I am satisfied that the draft statements of defence present, for
the purposes of this application, a sufficient indication that
all the
defendants have a defence which they should be able to present to the Court, in
the interests of justice. Having said that,
Mr Bamford is aware from his own
review of the documents during argument that some of the pleadings he has
presented in draft will
need further particulars, and he is equally aware that
as the application brought on behalf of his clients will be granted, as appears
below, the Court expects the documents to be fully compliant with the High
Court Rules, including provision of full particulars,
when filed.
[16] A further reason supporting the granting of the order sought by Mr Bamford is that there is a close relationship between the second to fifth defendants, and the first defendant, and largely, if not entirely, the allegations against these parties are
derived from the actions alleged on the part of the first defendant. I am
satisfied that it would be unjust not to permit them to
defend their positions,
in this circumstance, particularly given that the defences now presented in
draft appear to have substance.
[17] Having said that, however, the plaintiff is entitled to have the defendants respond to the position that has been reached in two ways. First, the statements of defence in final form must be filed and served promptly. Second, the justice of the case requires that they pay the plaintiff’s wasted costs. These include the costs on this application, which should not have been required, and the costs to which it has been put in preparing for a formal proof hearing against the second to fifth defendants. All up, the actual costs of the plaintiff amount to approximately
$30,000. Mr Nathan candidly accepts that part of these costs will not be
wasted as evidence prepared for the formal proof hearing
will at least form a
basis for evidence to be presented at trial. As well, some time has been spent
on a side issue which is not
relevant to this case. After discussions with Mr
Nathan I am satisfied that the actual costs of the plaintiff which can fairly be
attributed to the actions of the second to fifth defendants, and are wasted,
amount to $20,000.
[18] Mr Bamford accepted that a costs order against his clients in that
sum is appropriate and fair.
[19] I also raised with counsel my concern that the pleadings must be
presented in final form promptly, and that an unless order
is an appropriate way
to ensure that this occurs.
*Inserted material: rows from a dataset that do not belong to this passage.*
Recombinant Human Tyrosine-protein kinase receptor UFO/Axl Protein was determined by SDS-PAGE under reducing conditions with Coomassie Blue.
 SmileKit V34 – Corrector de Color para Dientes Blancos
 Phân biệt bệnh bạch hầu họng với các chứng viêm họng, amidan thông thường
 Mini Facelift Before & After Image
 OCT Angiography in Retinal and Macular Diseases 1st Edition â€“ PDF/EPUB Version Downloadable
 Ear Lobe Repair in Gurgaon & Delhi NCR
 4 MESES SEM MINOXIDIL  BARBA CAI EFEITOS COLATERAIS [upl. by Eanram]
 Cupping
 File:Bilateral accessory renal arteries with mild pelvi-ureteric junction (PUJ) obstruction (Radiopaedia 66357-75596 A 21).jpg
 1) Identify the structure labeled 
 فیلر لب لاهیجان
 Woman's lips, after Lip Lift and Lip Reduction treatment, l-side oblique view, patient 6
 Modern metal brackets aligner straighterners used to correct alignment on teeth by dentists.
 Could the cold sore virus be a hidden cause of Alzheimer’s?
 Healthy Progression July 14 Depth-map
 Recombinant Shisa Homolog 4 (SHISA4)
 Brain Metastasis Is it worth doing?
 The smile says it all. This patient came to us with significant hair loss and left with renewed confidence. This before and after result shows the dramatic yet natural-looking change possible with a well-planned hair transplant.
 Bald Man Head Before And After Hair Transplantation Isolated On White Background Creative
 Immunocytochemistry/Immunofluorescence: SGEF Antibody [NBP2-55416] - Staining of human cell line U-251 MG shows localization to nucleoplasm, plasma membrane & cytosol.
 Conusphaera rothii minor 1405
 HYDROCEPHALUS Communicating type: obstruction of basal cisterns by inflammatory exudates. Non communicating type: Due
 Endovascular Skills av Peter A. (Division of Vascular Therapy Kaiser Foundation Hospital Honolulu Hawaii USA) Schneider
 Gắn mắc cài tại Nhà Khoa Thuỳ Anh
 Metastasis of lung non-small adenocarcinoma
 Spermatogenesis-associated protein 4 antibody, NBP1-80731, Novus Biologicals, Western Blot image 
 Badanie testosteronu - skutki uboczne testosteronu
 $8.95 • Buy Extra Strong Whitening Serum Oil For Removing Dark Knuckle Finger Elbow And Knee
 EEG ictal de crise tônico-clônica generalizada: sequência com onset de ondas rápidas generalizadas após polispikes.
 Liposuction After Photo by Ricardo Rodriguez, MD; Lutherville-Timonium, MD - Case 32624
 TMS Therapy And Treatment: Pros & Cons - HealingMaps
Further, discovery of documents on the cases
against the second to fifth defendants
has not yet occurred and must also
be completed in a timely way, protected also by an unless
order.
[20] In the final result, therefore, I make the following
orders:
(1) The application by the second to fifth defendants is allowed, but
this order will be revoked without further application
to the Court
unless:
(a) No later than 4.00 pm on Thursday, 24 March 2016 each of the second to fifth defendants files and serves on the plaintiff
a statement of defence complying with the directions given in this judgment,
and
(b) No later than 4.00 pm on Thursday, 28 April the defendants jointly and severally pay to the plaintiff a total sum of
$20,000 costs.
(2) The plaintiff will give discovery of documents in relation to its claims against the second to fifth defendants by 4.00 pm on
28 April.
(3) The second to fifth defendants will also give discovery of documents on the causes of action against them by 4.00 pm on
28 April.
(4) If any of the second to fifth defendants fail to give discovery by
the time just stated, the defences of that party will
be stayed until further
order of the Court.
[21] There will be a telephone conference with me on 4 May 2016 at
11.00 am.
J G Matthews
Associate
Judge
Solicitors:
Duncan Cotterill, Nelson.
Queen City Law, Auckland. Bamford Law, Nelson.